It’s almost the weekend and your friends are sending you messages, asking “What are we doing this weekend, braai at your place?” Before you commit to being the braai host, consider what kind of braai you’d like to throw, and make sure that everyone has a great time – even you!
1. The Deluxe Braai
This is a very rare kind of event indeed, where the host provides and caters for all food and drink requirements. The deluxe braai occurs sometimes if you’re celebrating something big (anniversary or a new job) or if you actually have won the lottery this week.
Pro: you can set the menu, and entertain your friends in style
Con: it takes time to plan and buy all the supplies. It will also cost you a small fortune.Gatecrashers are a real threat.
Great for: if you like to be in charge, and can afford to drop some serious cash
Hot tip: Keep an eye out for The picky eater or The hostile takeover
2. The BYOB
This is the OG of braais, the one that started it all. The host commits to supply her guests with snacks, the meal, and possibly even dessert. Each guest must bring their own beverages – that way, everyone gets to drink their favourite beer or wine, in line with his or her preference and budget. As a guest, be sure to bring enough drinks to match your thirst.
Pro: You can still control the menu, and show off some of your braai master tricks and recipes
Con: It can still be quite expensive.
Great for: if you want to throw an epic braai without breaking the bank
Hot tip: watch out for the Inconsiderate Drinker
3. The Communal Braai
This braai format is the ultimate compromise between cost and overall satisfaction. One person is nominated as the “shopper”, who purchases all the food and other supplies required for the braai. Later, all the slips are tallied, and each guest puts in their fair share to reimburse the “shopper”
Pro: the menu has some direction, with the shopper taking control of the purchasing.
Con: requires a fair amount of trust between friends, beware of the Cheapskate.
Great for: a weekend away at a self-catering cottage.
Hot tip: keep an eye on the Cheapskate, who will hope that no one noticed that he didn’t pay.
4. The Themed Menu
This is a variation on the BYOB braai where the host sets a theme for all the food, Theme ideas include: an all chicken braai, only sausages, a vegetarian braai or sosaties only. Everyone contributes, but the cooking process is streamlined considerably.
Pro: Being the braai master is easier, resulting in a better tasting meal for everyone.
Con: Without some great marinades, sauces and sides, this braai can get very boring very fast.
Great for: the beginner braai master
Hot tip: Check first if there are any Picky eaters in your group
5. The free for all
For the host, this format seems to offer the ultimate in ease – everyone just shows up at your place, you have some drinks, eat some food and then everyone goes home, right? Wrong! Without clear instructions to your guests, this braai can very quickly turn into a disaster.

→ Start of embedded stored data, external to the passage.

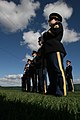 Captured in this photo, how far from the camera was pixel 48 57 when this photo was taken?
255 inches

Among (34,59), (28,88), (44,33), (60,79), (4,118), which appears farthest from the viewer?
(28,88)

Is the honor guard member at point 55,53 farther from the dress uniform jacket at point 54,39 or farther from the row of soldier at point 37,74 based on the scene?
the row of soldier at point 37,74

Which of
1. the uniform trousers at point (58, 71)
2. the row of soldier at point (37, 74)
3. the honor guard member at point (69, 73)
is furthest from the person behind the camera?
the honor guard member at point (69, 73)

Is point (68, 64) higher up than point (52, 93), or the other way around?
point (68, 64)

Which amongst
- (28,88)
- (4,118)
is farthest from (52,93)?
(28,88)

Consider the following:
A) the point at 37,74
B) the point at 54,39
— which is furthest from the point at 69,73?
the point at 54,39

Pro: As the host, you probably won’t be too much out of pocket, and in theory, everyone eats exactly what they want
Con: The menu is very hard to control. There is a strong chance that you end up with 9 packs of boerewors, and only one sad packet of steaks. Basics like bread rolls and chips can get forgotten, and other things can be doubled up by accident.
Hot tip: This kind of braai can attract all of the 6 worst characters. We warned you.
Great for: when you are a student, and never again.